The watershed group disbanded in 1984, realizing it was defeated.

In the end, Spray did not lose her home. She only had to sell five acres. But she watched as her friends and neighbors quickly disappeared from the surrounding hills.

"It was pretty bad to see them have to move off the land they had been on for generations. The farmland was so beautiful," she said. "Now it is covered with water and yes, it is beautiful, but it is hard to see the beauty because I know the heartache and sorrow everyone went through."

Spray has visited the lake on a few occasions, but still isn't sure about it. Her family is trying to make the best of it, she said.

For Roanoke residents Barbara Hevener and her son, their convictions to not leave their home led them into a confrontation with United States marshals in the early '80s, according to newspaper reports.

Although the title for the Heveners' property was transferred to the government in 1981, they refused to leave their 28-acre farm and ignored the Corps' requests for two years, according to the Weston Democrat. They were finally forcibly evicted from the property, restrained in handcuffs and chains, and taken to the Lewis County Jail. A move that outraged local residents and officials.

"In my opinion, they treated those people awful. I absolutely wouldn't have handled it that way," said M. Ralph Hall, Lewis County sheriff at the time of the incident. "The day I would have had to do a little old lady and a boy like that is the day I would have quit my job."

Hall and members of his staff helped move the Heveners to stay with relatives, he said. Hall said he dealt with many of the "dam people" during his tenure and never had trouble with them. The people understood he was just doing his job, he said.

Parker is quick to point out he did not sell his land near Little Skin Creek: It was condemned by the government. He refused the amount they offered and eventually went to court. But in his opinion, the procedure was not fair.

In 1981, he received $143,279 for his 82-acre farm, according to courthouse records. It was $25,000 less than what the government had previously offered, Parker said. His property also contained timber, coal, gas and oil which made it more valuable, he added.

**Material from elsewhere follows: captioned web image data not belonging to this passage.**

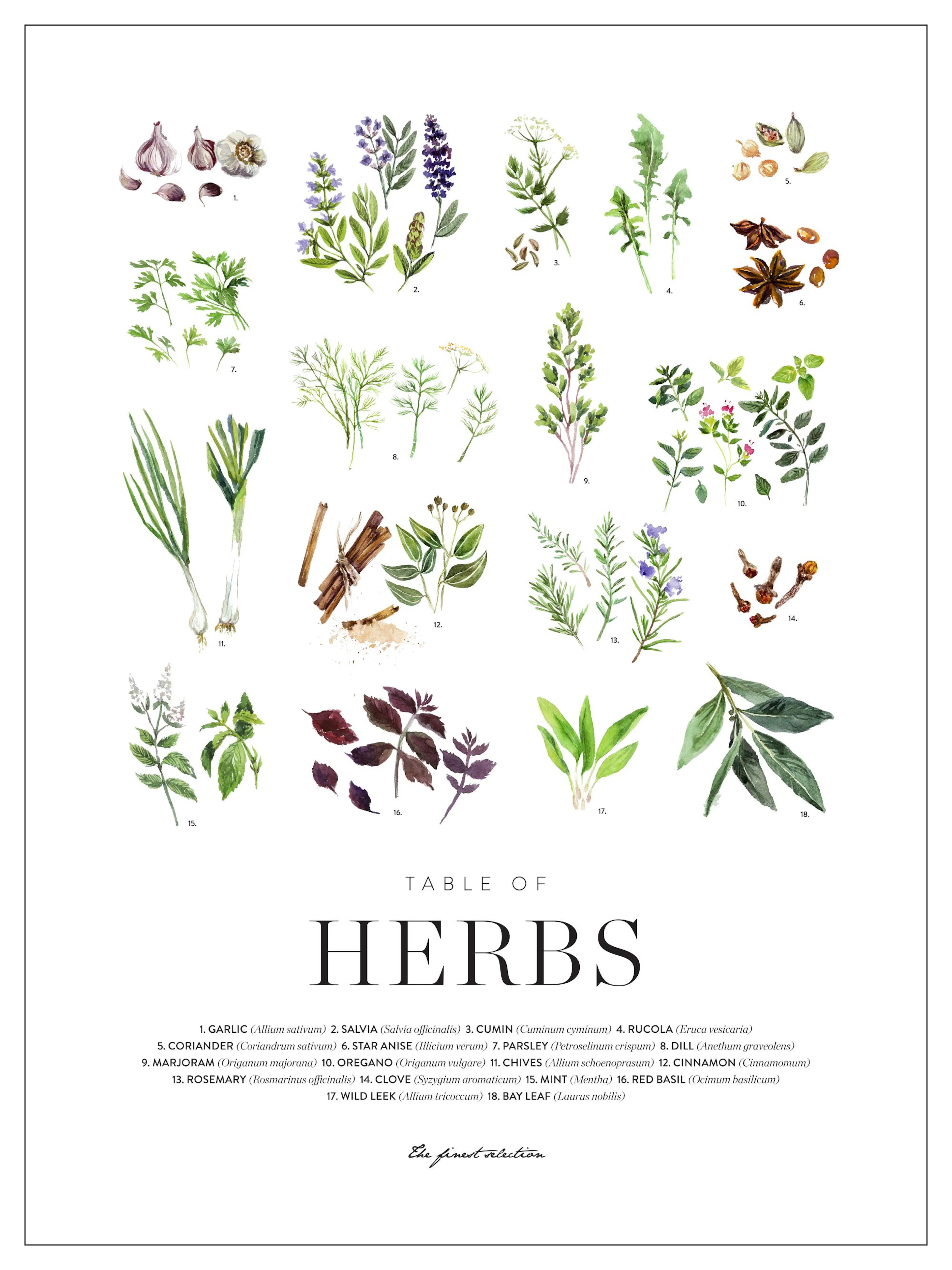 Póster de ilustraciones botánicas de hierbas y especias como ajo, salvia, comino, rúcula y anís estrella.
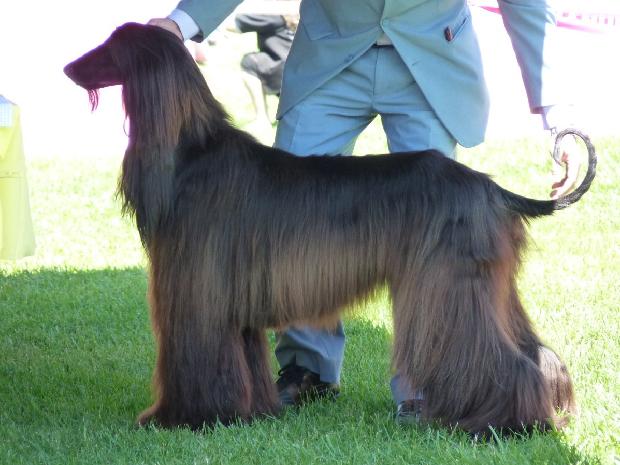 Galgo Afegão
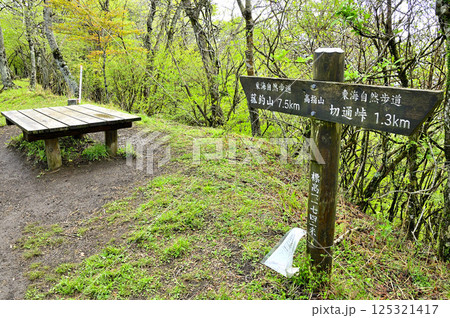 丹沢の甲相国境尾根 新緑の高指山山頂 丹沢の甲相国境尾根 新緑の高指山山頂 125321417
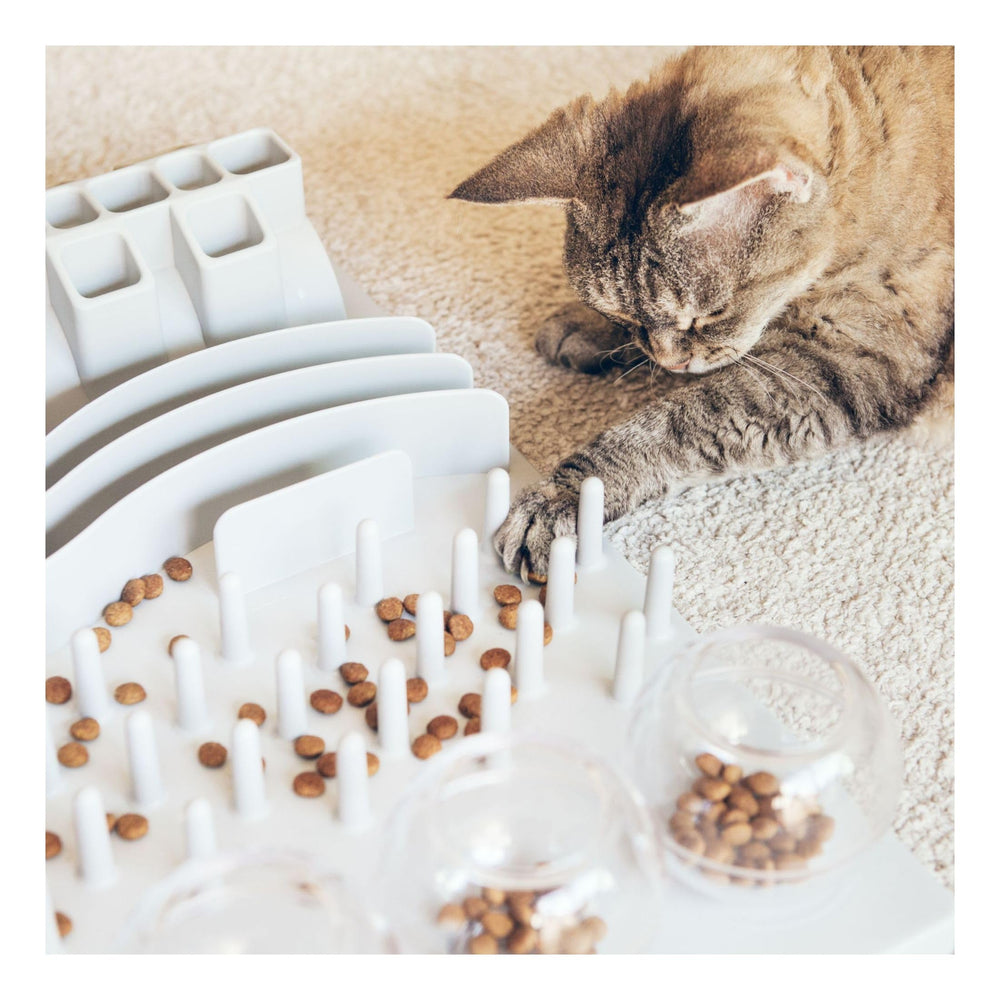 Fun Board Strategy Game for Cats, Puzzle Toy, Treat Dispenser, Interactive Play, Mental Stimulation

Most of his property now sits under water and he is saddened at the fate of his former friends and neighbors.

"People had roots back for generations to the 1700s," he said. "There was a sentimental value not taken into account."

Parker doesn't visit the lake at all.

"I remember the old timers who fought against it and I consider the situation similar to that like the American Indians and it is like walking over the graves of our people," he said.